Action item –
Go through the listing and retype each line exactly.

____ Supplied information

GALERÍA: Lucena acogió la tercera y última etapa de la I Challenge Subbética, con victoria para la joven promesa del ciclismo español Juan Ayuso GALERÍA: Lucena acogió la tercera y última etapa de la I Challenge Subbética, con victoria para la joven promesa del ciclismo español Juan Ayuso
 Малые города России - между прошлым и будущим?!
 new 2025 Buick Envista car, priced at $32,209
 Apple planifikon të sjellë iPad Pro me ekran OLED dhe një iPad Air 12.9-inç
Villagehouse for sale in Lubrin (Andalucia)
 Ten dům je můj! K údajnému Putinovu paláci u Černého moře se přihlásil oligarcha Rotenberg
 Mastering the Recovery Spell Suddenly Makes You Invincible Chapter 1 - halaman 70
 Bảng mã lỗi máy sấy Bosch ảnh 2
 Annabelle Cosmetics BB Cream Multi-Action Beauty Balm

________

Answer to this exercise –
GALERÍA: Lucena acogió la tercera y última etapa de la I Challenge Subbética, con victoria para la joven promesa del ciclismo español Juan Ayuso GALERÍA: Lucena acogió la tercera y última etapa de la I Challenge Subbética, con victoria para la joven promesa del ciclismo español Juan Ayuso
 Малые города России - между прошлым и будущим?!
 new 2025 Buick Envista car, priced at $32,209
 Apple planifikon të sjellë iPad Pro me ekran OLED dhe një iPad Air 12.9-inç
Villagehouse for sale in Lubrin (Andalucia)
 Ten dům je můj! K údajnému Putinovu paláci u Černého moře se přihlásil oligarcha Rotenberg
 Mastering the Recovery Spell Suddenly Makes You Invincible Chapter 1 - halaman 70
 Bảng mã lỗi máy sấy Bosch ảnh 2
 Annabelle Cosmetics BB Cream Multi-Action Beauty Balm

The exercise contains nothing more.